A epidemia de Ebola mais rápida da história avança tão agressivamente que nem a ciência consegue ter tempo de detê-la
Até o momento não existem vacinas ou tratamentos eficazes para detê-la
A África enfrenta a epidemia de Ebola mais rápida da história, impulsionada pela cepa Bundibugyo, que não possui vacina ou tratamento aprovado. Concentrado na República Democrática do Congo e em Uganda, o surto já registra mais de 5 mil casos e cerca de 2,4 mil mortes, com letalidade de até 47%. Declarada emergência de saúde internacional pela OMS, a crise já se tornou o segundo maior surto da história da doença devido à velocidade sem precedentes de transmissão.
A África enfrenta uma crise de saúde de proporções históricas que começou com um alerta na República Democrática do Congo e em Uganda e evoluiu, em poucas semanas, para o surto de Ebola que mais cresce já documentado. Organizações internacionais já não falam mais de uma ameaça potencial, mas de uma "epidemia sem precedentes" impulsionada por uma cepa para a qual, até hoje, a medicina moderna não possui nem vacina nem tratamento específico aprovado, que é o vírus Bundibugyo.
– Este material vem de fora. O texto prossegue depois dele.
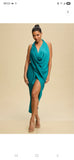 Vixen Halter Dress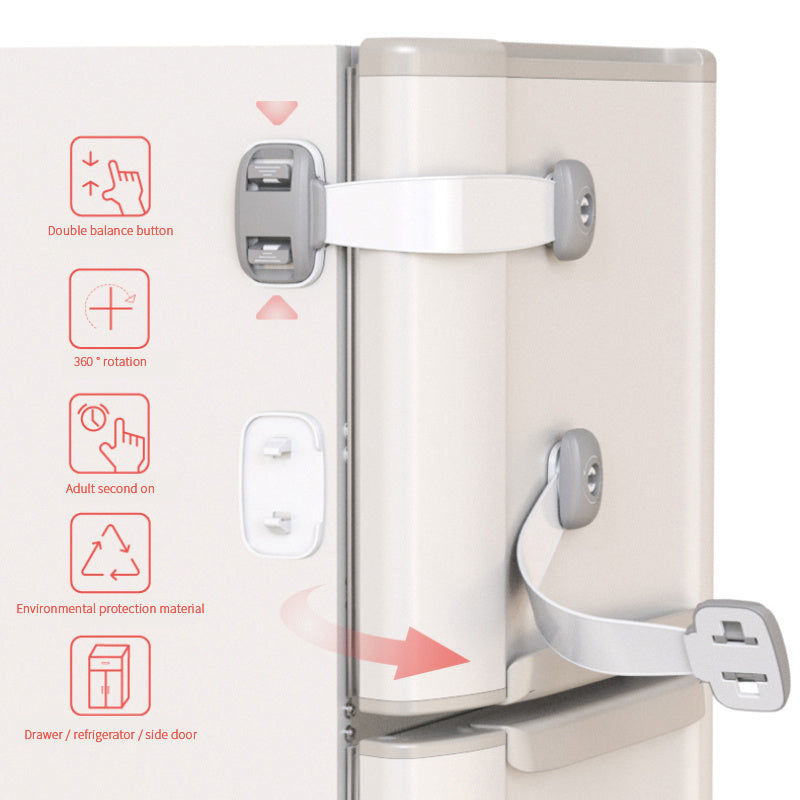 Baby Safety Locks for Home | Child Safety Protection Lock | Baby Safety Cabinet Locks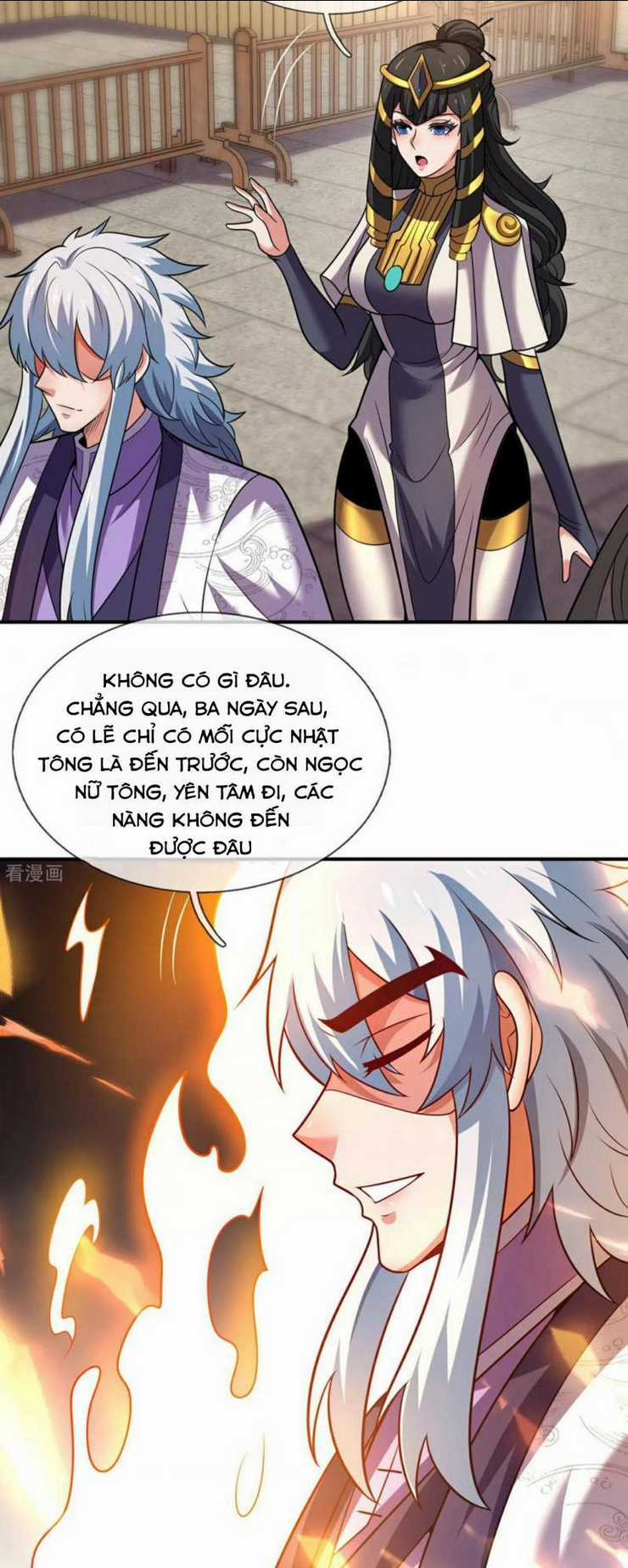Huyền Thiên Chí Tôn Chapter 101 trang 2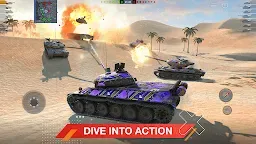 Screenshot 8: World of Tanks Blitz MMO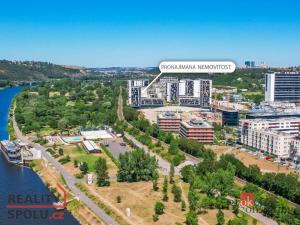 Pronájem bytu 3+kk, Praha - Modřany, Mezi vodami, 73 m2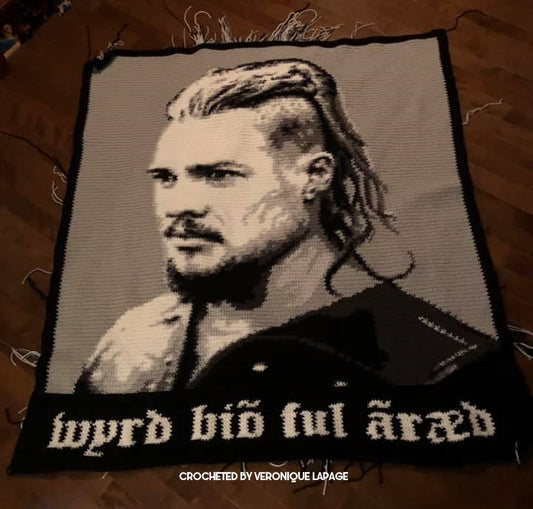 Uhtred Of Bebbanburg Photoghan Crochet Pattern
A situação é tão crítica que, em 17 de maio de 2026, o Diretor-Geral da Organização Mundial da Saúde declarou uma emergência de saúde pública de interesse internacional. Desde então, os dados só pioraram, despertando temores de reviver, ou até mesmo superar, o cenário catastrófico da grande epidemia da África Ocidental de 2014-2016.
Se há algo que caracteriza esse surto, é a velocidade impressionante da transmissão. De acordo com os dados mais recentes de meados de agosto do CDC e da OMS, há mais de 5.021 casos confirmados e 2.378 mortes na República Democrática do Congo. Mas o problema é que o vírus se espalhou por 49 zonas de saúde distribuídas em cinco províncias diferentes.
No caso de Uganda, os números não são tão altos, já que há "apenas" 20 casos confirmados e duas mortes. Juntos, isso eleva a taxa de letalidade entre 44% e 47%.
Esses números fazem desta crise oficialmente o segundo maior surto de Ebola registrado na história, atrás apenas do de 2014. O Instituto Nacional Holandês...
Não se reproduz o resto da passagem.